My Audio Revelation

My Audio Revelation

I’ve always loved listening to music on a sound system, even going as far back as when all I had access to was my parents’ outdated, low-fi stereo system.

It was in my college’s music library, where I worked, that I was introduced to quality sound, although at the time I had no idea what “quality sound” was; I just knew that, through the library’s headphone-equipped turntables, I liked what I heard.

I spent hours there losing myself in the music. It was fun, it felt good, and I was convinced that “this is for me”.

Then something happened. I got a job, which required that I spend my days in front of a computer screen. I bought an iPod Mini to help me concentrate while I worked, but after a while my ears started to hurt. I didn’t know why. It didn’t occur to me at the time that it was because of the iPod’s sound quality. Rather, I began to think that maybe listening to music wasn’t for me after all.

Luckily, soon after, and seizing the day, I accepted the invitation of a friend to go to his home for the first (but not last) time. He showed me his stereo, which included two speakers that were so big they took up most of the living room. My friend asked if I wanted to listen to music, and although I was tempted, my experience with the iPod Minis made me worry that the sound from those speakers would hurt my ears.

“Just close your eyes and listen,” he said, reassuringly. I did, and the experience turned out to be a revelation. It sounded as if the musicians were right there in the room with me. It was so beautiful!  I never would have thought it possible to hear such good music in such a small apartment in a multi-unit block. We listened for hours, and I thought to myself, “Everyone needs to hear this!”

That led to my friend and I organizing listening sessions with our friends. And buying a house together. And a turntable. And getting married.
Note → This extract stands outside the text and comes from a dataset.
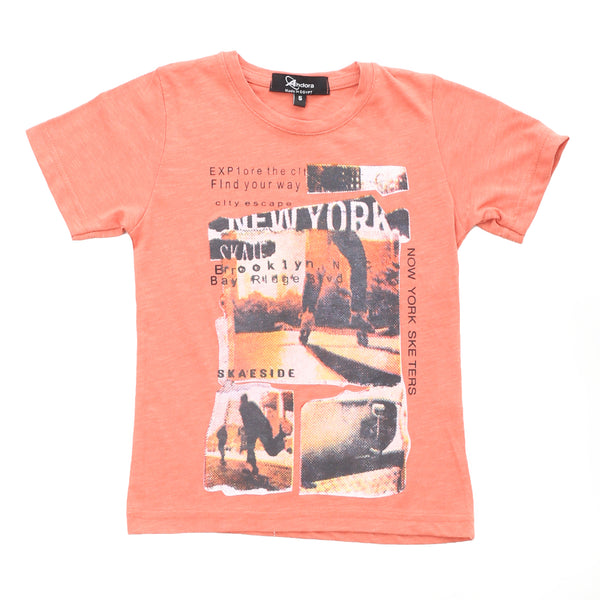 "New York" Pattern Slip On Boys T-Shirt - Heather Salmon Orange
Throughout, music has been at the center of our lives.

Bit by bit, we’re improving the sound of our audio system. It’s evolving. But regardless of the system we have at any one time, or even the music we listen to, what matters most to us is that we find the time to just sit down and appreciate the music.

Do we ever get the urge to buy new audio gear to improve the sound of our system? Sure, but not because it isn’t already good, but because it’s fun to try out new things. And it’s great to hear one’s favorite music sound better than ever.

The way I see it, if I calculate how much money I spend on audio equipment with the amount of time I listen to my stereo system, it really doesn’t cost me that much per hour.